Every program and every privileged user of the system should operate using the least set of privileges necessary to complete the job. Saltzer and Schroeder stated this in 1975 as one of eight design principles for protection mechanisms in computer systems. It remains the foundation of the entire least/necessary taxonomy.
Least privilege considers individual permissions in isolation. A user needs read access to a file — grant read access, not read-write. A program needs to open a network socket — grant socket access, not root. The analysis is local: examine what one entity needs, grant exactly that, deny everything else.

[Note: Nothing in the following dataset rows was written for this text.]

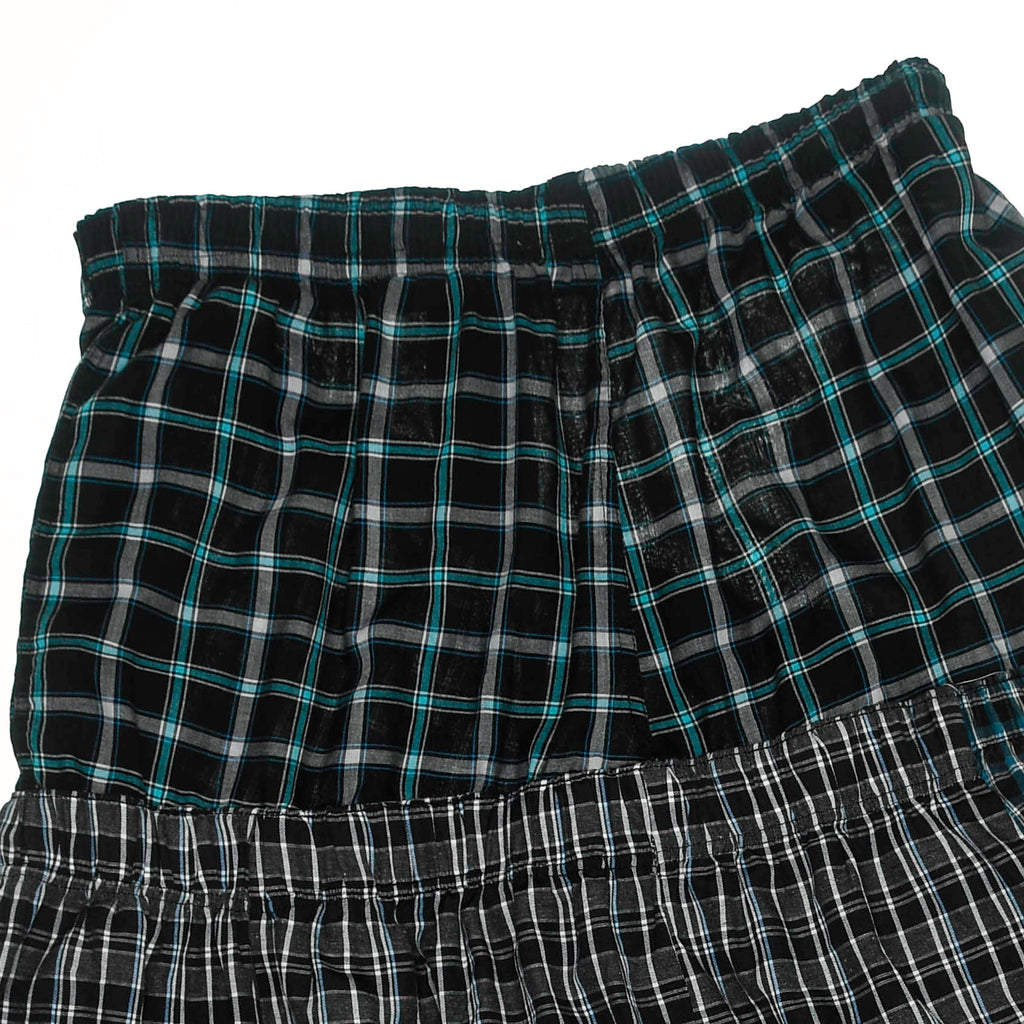 Tiered Grunge Boxer Skirt Maxi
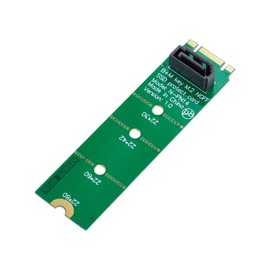 cablecc Motherboard NGFF B/M-Key M.2 to Vertical SATA 7pin Hard Disk Drive SSD PCBA Extension Adapter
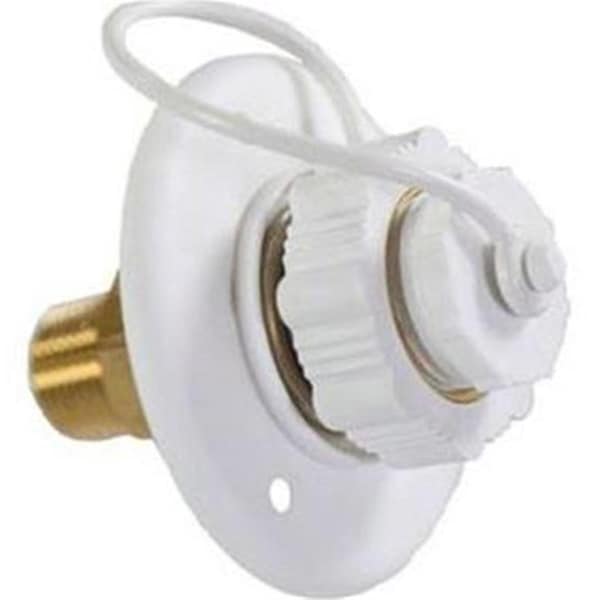 Aqua Pro Water Fill Flush Mount Plast - Polar White AQP-27893 - main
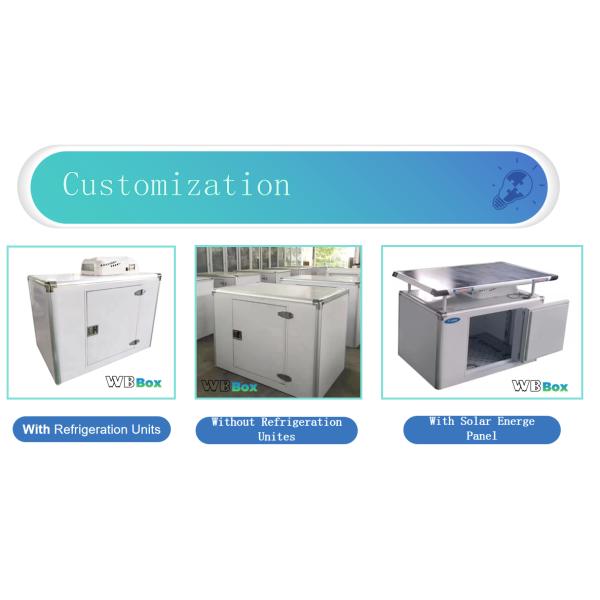 Mobile Cargo with Refrigeration Units,Refrigerated Box,Cold Chain Box,Portable Cold Storage Box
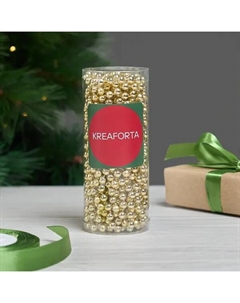 Бусы новогодние 10 м золотой Kreaforta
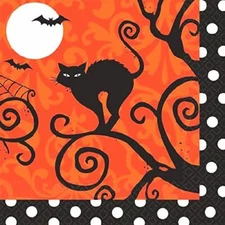 Frightfully Fancy Beverage Napkins5" x 5"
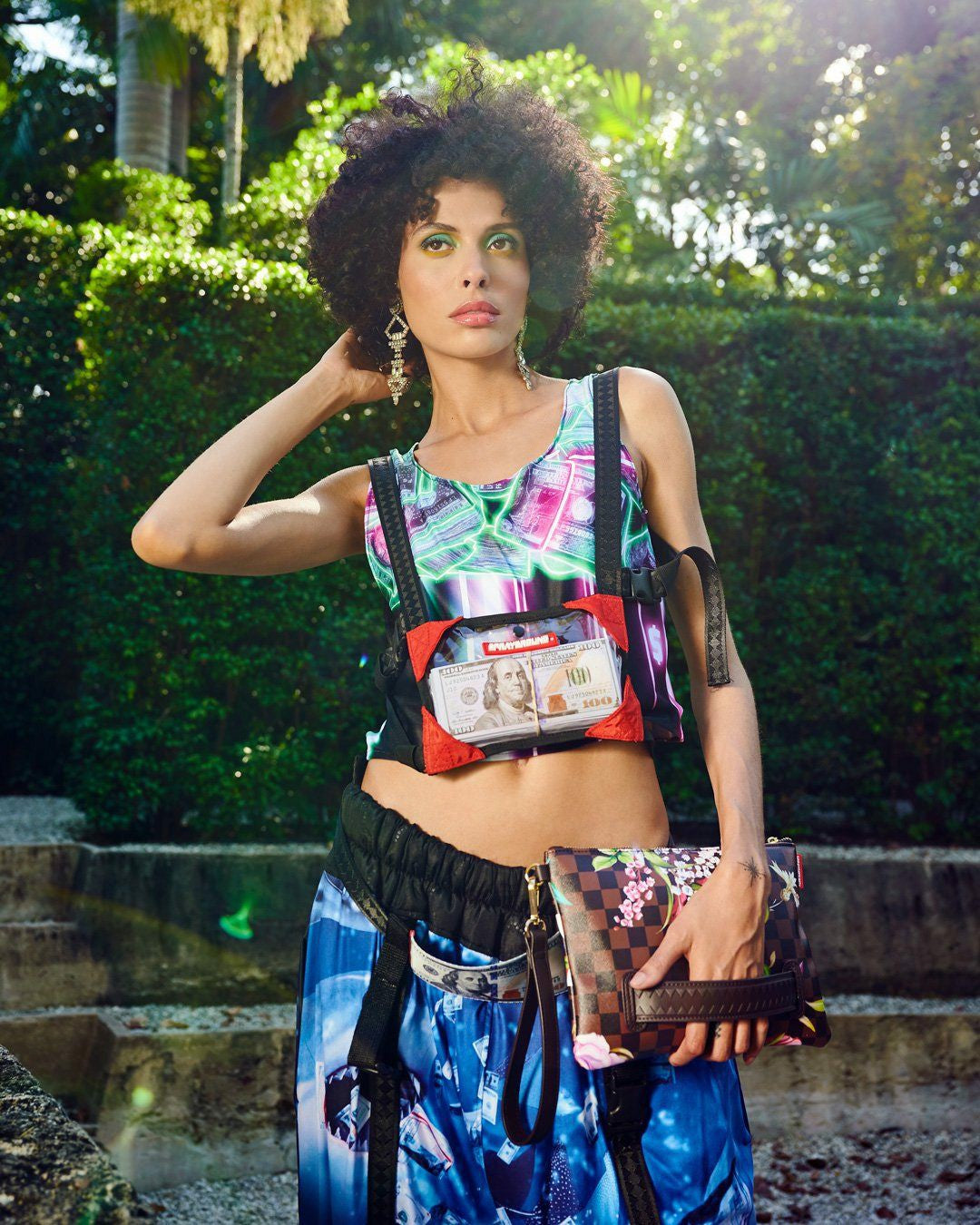 GARDEN OF SHARKS CROSSOVER CLUTCH | Sprayground Discount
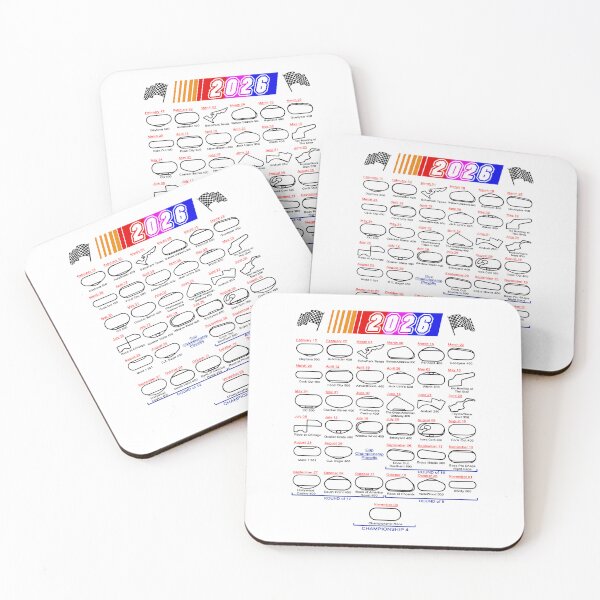 Item preview, Schedule Nascar Cup Series 2026 white designed and sold by ideasfinder.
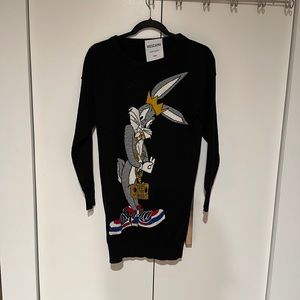 Moschino couture bugs bunny sweater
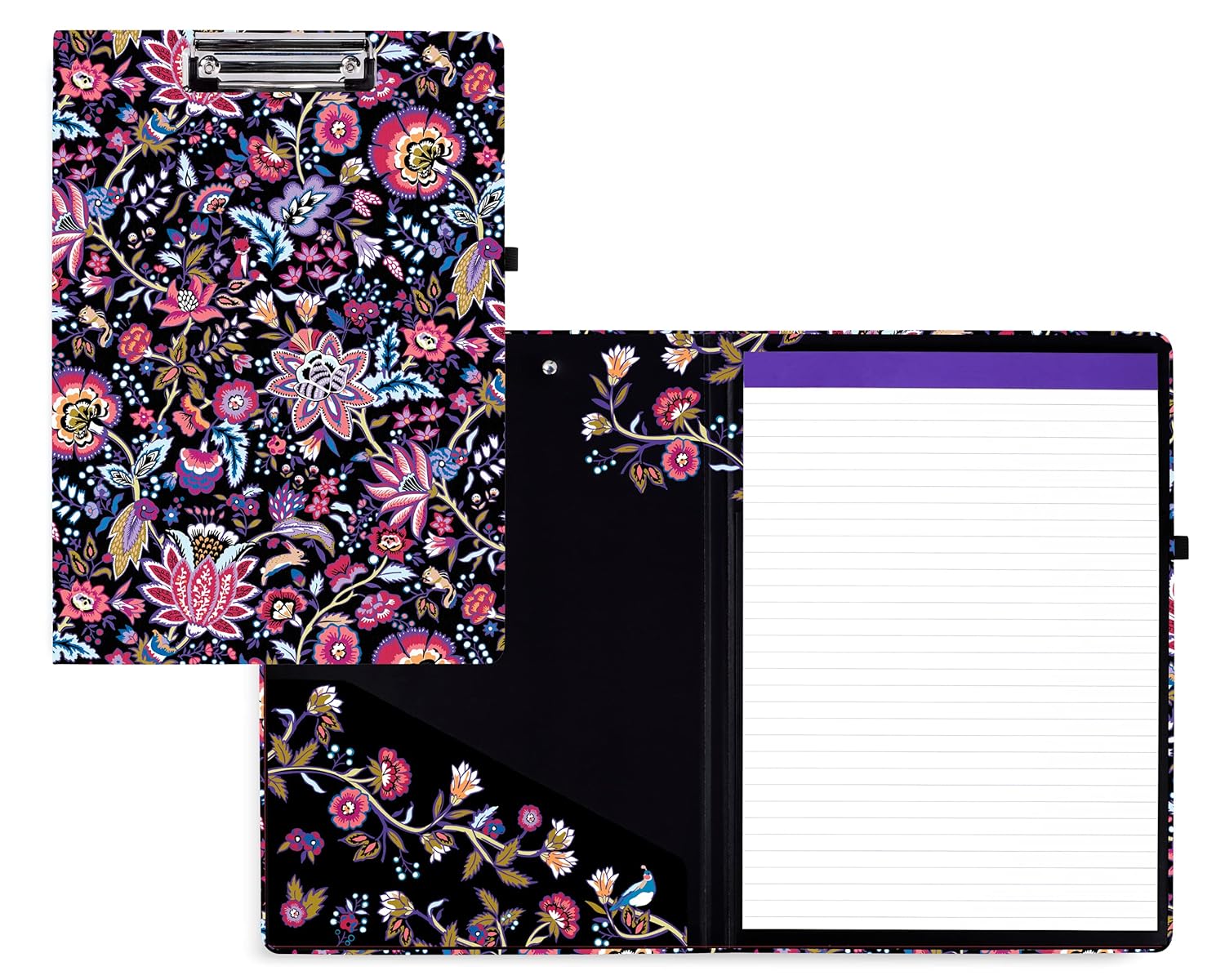 Vera Bradley Women's Clipboard Folio, Foxwood Floral Amazon.in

This locality is both the principle’s strength and its limitation. It produces clean, auditable permission sets. But it does not account for what happens when permissions compose — when a user who can run a program that can access a resource effectively has authority over that resource through the program. That transitive dimension is where Miller’s Principle of Least Authority picks up the thread.
Least privilege is the first column of Allen’s 2x3 taxonomy: the restrictive pattern at the privilege scope. Its inside-out counterpart is Necessary Privilege, which asks not “what should we deny?” but “what does the user actually need to do their work?” The two patterns address the same design space from opposite directions — least privilege sets ceilings, necessary privilege sets floors.
The lineage runs: Least Privilege (1975, permissions) → Principle of Least Authority (2006, transitive authority) → Principle of Least Access (2023, data exposure). Each expansion widens scope without invalidating what came before.